Spenser employs rich imagery in describing the palace of Lucifera. As Redcross approaches the castle, the narrator describes it as:
A stately Pallace built of squared bricke,
Which cunningly was without morter laid,
Whose wals were high, but nothing strong, nor thick,
And golden foile all ouer them displaid.
That purest skye with brightnesse they dismaid:
High lifted vp were many loftie towres,
And goodly galleries farre ouer laid,
Full of faire windowes, and delightfull bowres;
And on the top a Diall told the timely howres.
Spenser paints a vivid picture of the castle, both highlighting its majesty but also suggesting that there is something deceptive about Lucifer’s splendor. He describes the “stately” palace with vivid visual details: its high, golden walls, bright skies, “loftie towers,” and many “faire windows.”

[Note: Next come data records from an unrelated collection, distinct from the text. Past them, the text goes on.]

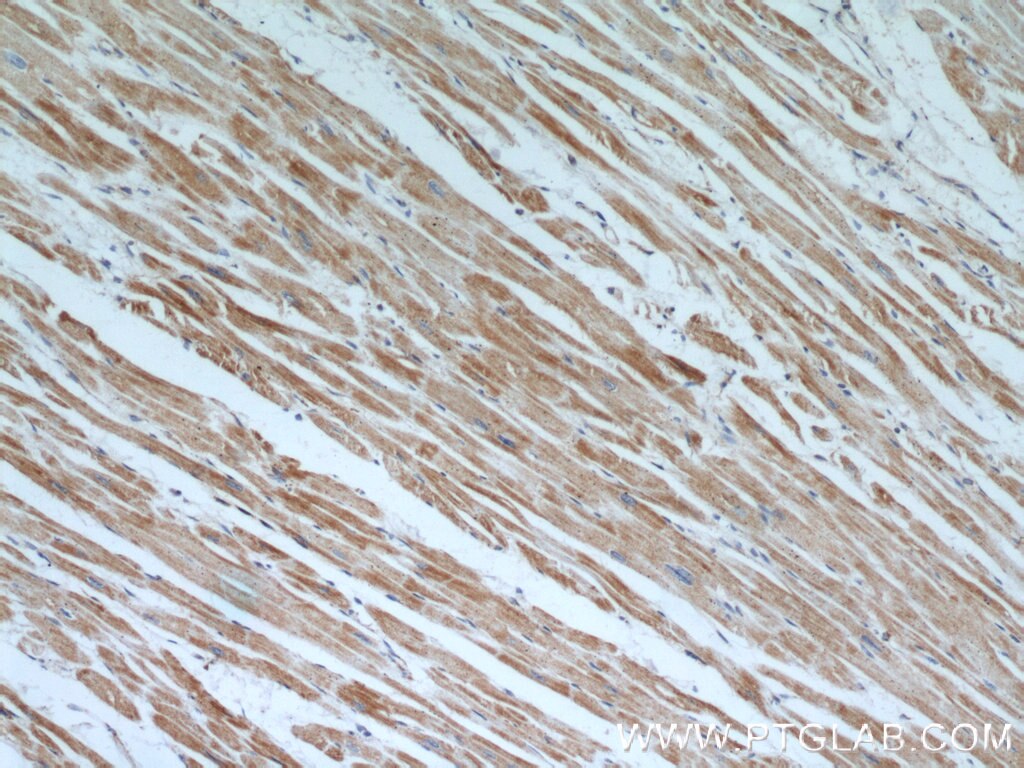 Immunohistochemistry (IHC) staining of human heart tissue using Prohibitin Polyclonal antibody (10787-1-AP)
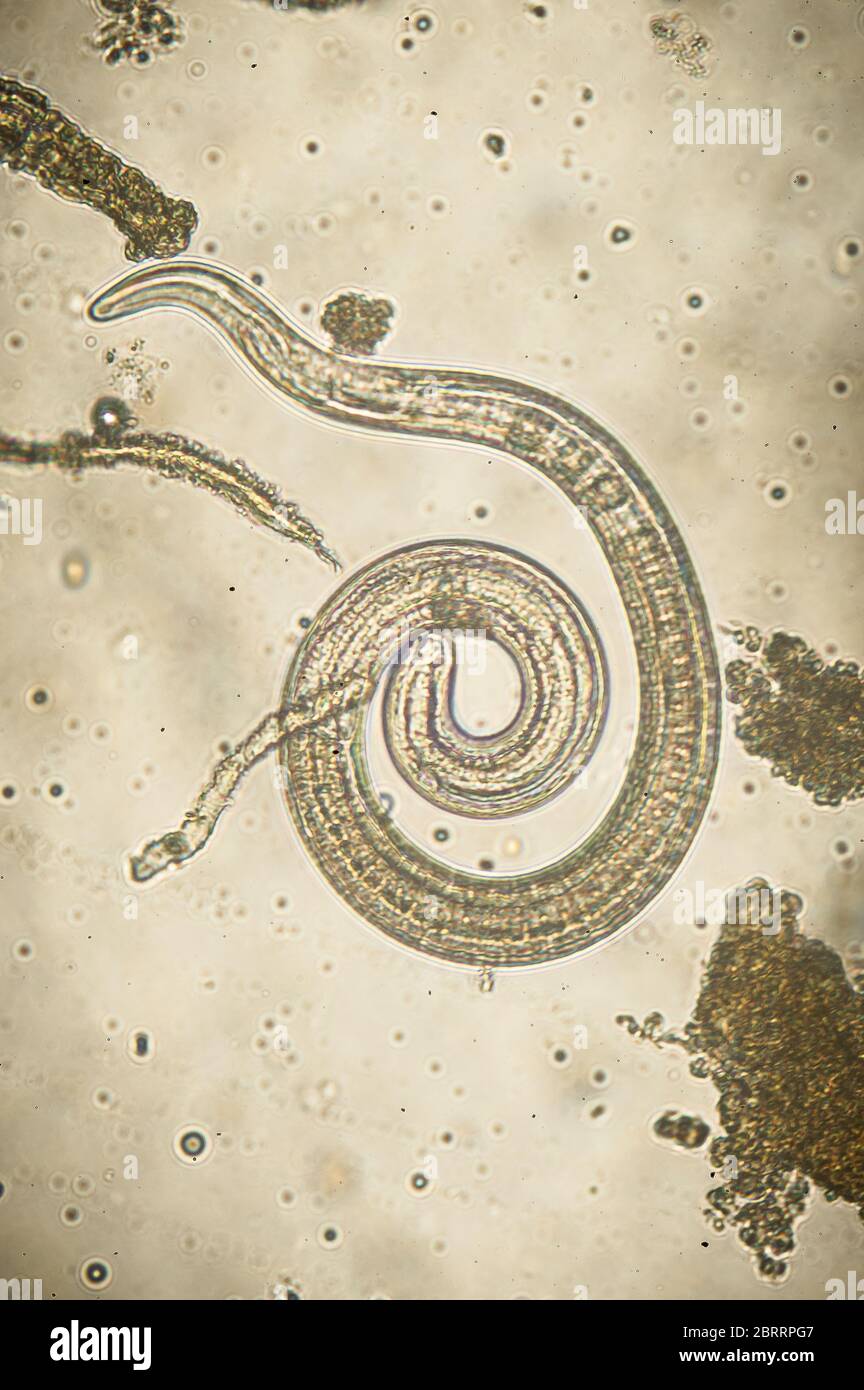 Trichinella spiralis - microscopio parassita nematoda worm Foto Stock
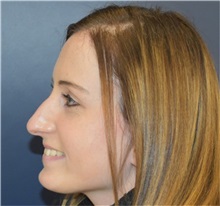 Rhinoplasty Before Photo by Richard Reish, MD, FACS; New York, NY - Case 35403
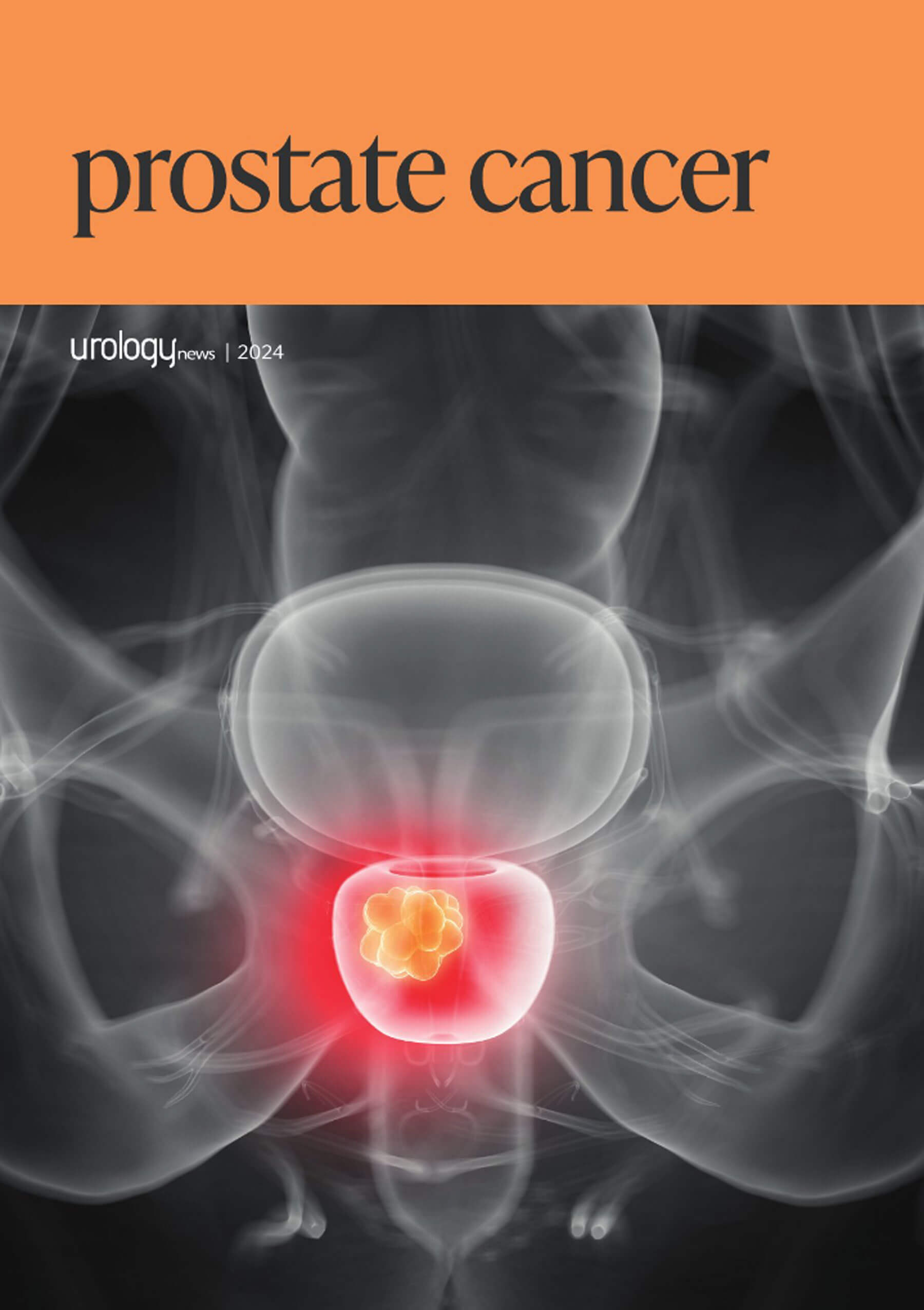 URO MJ24 Prostate-Cancer-2024--front-cover.jpg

However, some of these visual details also seem to undermine the grandeur of the palace. Though the walls are high, they are not “strong, nor thick,” and their gold surfaces are merely “golden foile.” The “square bricke” walls of the palace were built “cunningly” but without any “morter,” implying that they aren’t stable. Spenser’s use of imagery is subtle here, signaling to the reader that Lucifer’s palace is yet another deception for Redcross to overcome on his journey.
Struggling with her deep love for Arthegall, whom she has met only in her vision-like dreams, Britomart metaphorically compares love to a growing ulcer that has afflicted her health. Speaking with her nurse, Glauce, after receiving another vision of Arthegall, Britomart brushes off any attempts to comfort her, insisting that:
Sithens it hath infixed faster hold
Within my bleeding bowels, and so sore
Now ranckleth in this same fraile fleshly mould,
That all mine entrailes flow with poysnous gore.
And th’vlcer groweth daily more and more;
Ne can my running sore find remedie,
Other then my hard fortune to deplore,
And languish as the leafe falne from the tree,
Till death make one end of my dayes and miserie.
Using visceral imagery, Britomart figures her lovesickness as a grave physical illness that has developed within her “bleeding bowels” and rankles the “fraile fleshly mould” of her body. Further developing this metaphor, she states that her “entrailes flow with [poisonous] gore,” and that the ulcer afflicting her grows daily. Britomart’s feelings of anguish go far beyond conventional poetic laments regarding lovesickness; like the virgin warrior-goddess Diana to whom she is frequently compared in the poem, Britomart takes her chastity seriously, and she is deeply aggrieved by her feelings of longing for Arthegall.